「生計を一(いつ)にする」の意味は?
昭和37年判決で所得税法(56条)にいう「生計を一にする」の意義を「家族全員同じ釜の飯を食うこと」と説明され、昭和51年判決において、「日常生活の糧を共通にしていること」を言うとしています。
「生計を一にする」親族に該当するか否かによって、例えば相続税法において小規模宅地等の特例(評価減)を受けられるか、また所得税法において専従者給与として必要経費に算入できるか(所得税法56条)など、その取り扱いは大きく異なります。
離婚した父と母の両方が扶養控除等申告書を各々の会社に提出した場合は?
離婚後、婚姻費用と養育費を負担している父と、日常生活を共にしている母とがそれぞれの勤務先に子どもを扶養親族とする申告書を提出していた場合、どちらの扶養親族になるのか争われた事例(裁決)があります。

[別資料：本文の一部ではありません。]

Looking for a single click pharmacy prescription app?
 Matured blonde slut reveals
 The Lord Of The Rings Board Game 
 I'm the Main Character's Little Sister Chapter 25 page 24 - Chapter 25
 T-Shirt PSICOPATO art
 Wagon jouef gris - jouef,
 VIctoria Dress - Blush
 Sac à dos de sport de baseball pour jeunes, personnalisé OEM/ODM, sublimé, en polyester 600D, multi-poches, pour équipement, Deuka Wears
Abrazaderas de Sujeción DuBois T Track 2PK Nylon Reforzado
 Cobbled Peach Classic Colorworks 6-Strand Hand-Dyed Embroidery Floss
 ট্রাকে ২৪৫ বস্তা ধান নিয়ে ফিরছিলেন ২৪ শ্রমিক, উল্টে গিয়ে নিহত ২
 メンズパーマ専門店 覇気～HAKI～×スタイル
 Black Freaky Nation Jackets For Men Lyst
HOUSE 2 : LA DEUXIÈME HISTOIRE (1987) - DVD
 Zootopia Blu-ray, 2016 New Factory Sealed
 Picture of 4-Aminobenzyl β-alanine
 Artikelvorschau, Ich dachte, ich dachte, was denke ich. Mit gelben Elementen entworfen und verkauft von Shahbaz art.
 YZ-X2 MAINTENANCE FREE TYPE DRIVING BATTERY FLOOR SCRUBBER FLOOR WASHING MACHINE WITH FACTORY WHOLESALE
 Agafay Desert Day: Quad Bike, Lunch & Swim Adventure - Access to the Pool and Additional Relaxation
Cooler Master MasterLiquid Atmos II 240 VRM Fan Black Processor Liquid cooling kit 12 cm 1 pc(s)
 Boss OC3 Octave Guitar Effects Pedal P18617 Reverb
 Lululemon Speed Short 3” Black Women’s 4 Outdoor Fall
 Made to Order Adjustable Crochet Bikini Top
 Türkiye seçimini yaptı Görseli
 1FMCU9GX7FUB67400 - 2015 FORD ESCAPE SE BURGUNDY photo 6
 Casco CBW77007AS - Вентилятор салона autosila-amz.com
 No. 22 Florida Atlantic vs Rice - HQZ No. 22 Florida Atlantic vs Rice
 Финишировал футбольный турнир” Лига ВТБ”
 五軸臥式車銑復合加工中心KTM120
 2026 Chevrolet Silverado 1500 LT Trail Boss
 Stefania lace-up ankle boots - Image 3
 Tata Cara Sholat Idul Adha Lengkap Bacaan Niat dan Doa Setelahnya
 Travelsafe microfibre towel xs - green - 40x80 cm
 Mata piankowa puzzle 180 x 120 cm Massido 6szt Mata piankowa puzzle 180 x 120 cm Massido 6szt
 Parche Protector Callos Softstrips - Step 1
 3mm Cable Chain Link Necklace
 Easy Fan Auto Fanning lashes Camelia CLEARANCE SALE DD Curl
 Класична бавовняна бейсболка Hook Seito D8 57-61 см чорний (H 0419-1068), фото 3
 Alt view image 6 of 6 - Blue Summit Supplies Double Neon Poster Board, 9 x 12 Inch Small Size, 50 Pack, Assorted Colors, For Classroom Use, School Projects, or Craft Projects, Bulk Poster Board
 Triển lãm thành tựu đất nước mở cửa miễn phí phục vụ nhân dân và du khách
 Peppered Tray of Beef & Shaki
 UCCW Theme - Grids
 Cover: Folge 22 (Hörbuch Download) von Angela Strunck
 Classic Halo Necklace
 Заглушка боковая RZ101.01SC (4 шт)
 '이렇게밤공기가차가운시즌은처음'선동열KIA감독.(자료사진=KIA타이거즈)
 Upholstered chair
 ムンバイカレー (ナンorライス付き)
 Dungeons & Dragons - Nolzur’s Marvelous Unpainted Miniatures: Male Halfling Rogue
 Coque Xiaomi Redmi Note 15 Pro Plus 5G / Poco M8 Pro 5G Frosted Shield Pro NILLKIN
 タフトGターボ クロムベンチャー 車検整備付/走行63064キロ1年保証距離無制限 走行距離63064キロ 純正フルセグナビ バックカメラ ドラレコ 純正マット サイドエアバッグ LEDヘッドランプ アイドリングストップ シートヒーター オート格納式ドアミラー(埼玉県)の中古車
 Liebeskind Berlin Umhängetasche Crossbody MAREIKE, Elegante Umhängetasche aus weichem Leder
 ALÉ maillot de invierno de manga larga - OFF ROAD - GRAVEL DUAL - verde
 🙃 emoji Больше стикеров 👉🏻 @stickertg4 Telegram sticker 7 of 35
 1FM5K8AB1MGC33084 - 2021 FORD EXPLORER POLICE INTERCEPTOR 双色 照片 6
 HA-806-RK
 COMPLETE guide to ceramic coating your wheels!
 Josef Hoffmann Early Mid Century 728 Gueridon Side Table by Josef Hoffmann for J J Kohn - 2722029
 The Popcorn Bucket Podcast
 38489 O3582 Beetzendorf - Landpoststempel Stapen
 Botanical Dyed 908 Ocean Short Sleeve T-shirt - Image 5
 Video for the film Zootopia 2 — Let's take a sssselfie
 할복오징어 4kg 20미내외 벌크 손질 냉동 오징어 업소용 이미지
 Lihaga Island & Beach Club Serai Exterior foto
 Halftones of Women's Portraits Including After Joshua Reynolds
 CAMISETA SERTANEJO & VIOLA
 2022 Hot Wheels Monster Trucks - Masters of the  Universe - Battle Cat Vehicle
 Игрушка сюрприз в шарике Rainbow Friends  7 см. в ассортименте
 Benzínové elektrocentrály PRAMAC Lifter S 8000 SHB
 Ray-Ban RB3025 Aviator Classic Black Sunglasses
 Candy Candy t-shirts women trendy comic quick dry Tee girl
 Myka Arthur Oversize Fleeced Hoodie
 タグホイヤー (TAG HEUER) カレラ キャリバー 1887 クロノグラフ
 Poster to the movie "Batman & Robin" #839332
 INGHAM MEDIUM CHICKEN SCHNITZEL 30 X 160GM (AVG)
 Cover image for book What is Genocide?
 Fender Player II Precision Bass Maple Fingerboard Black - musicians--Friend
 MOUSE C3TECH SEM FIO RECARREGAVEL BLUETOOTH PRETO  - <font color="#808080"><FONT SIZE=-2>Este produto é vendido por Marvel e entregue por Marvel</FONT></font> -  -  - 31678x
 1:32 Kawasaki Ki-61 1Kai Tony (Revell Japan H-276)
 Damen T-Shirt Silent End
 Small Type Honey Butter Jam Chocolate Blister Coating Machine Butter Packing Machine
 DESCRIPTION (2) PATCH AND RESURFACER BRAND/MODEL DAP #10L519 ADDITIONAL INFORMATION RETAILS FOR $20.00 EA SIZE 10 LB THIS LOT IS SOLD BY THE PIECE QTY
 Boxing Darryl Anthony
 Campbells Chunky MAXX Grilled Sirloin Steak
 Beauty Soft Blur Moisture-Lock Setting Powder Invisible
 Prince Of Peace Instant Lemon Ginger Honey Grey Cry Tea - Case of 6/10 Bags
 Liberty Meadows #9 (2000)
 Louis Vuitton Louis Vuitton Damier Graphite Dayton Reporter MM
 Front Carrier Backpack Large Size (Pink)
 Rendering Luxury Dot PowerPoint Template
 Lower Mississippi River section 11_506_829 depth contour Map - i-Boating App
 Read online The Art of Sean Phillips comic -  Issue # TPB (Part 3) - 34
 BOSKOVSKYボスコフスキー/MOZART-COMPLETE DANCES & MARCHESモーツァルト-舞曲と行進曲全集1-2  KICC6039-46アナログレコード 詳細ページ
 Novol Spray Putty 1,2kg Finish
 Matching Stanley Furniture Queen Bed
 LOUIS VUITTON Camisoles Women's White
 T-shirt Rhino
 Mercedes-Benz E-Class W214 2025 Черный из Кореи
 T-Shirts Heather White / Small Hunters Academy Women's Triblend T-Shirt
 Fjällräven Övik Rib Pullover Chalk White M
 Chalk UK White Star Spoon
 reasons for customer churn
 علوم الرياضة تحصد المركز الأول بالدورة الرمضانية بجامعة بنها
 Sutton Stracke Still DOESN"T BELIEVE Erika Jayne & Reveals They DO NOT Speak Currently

審判所は、父と母のどちらとも生計を一にしていたと言えますが、母親の方が扶養控除等申告書を元夫(父)よりも先に提出していたことに鑑み、母の扶養親族と判断しました。(H19.12/27裁決)
同居特別障害者の35万円加算が認められない場合とは?(生計一だけではダメ?)
租税特別措置法において、納税者の扶養親族(生計一)で、かつ在宅の(同居を常況としている)特別障害者である場合に、扶養控除の額に35万円を加算した金額を所得控除の額とすると規定されています(措置法41の16)。
しかし、福祉施設や介護施設に入所している者(扶養親族)について、措置法上生計を一にする親族等と「同居を常況としている」者に該当しないとして、この35万円の加算が認められなかった判決(さいたま地裁H15.11/26)があります。
ただし、同居以外の特別障害者の40万円の所得控除はできます。
実質的な判断は慎重に
「お財布が一緒」であっても、必ずしも「生計を一にする」親族に該当するとはいえず、同居しているか、別居しているかだけでなく、実質的な判断は慎重にならざるを得ないでしょう。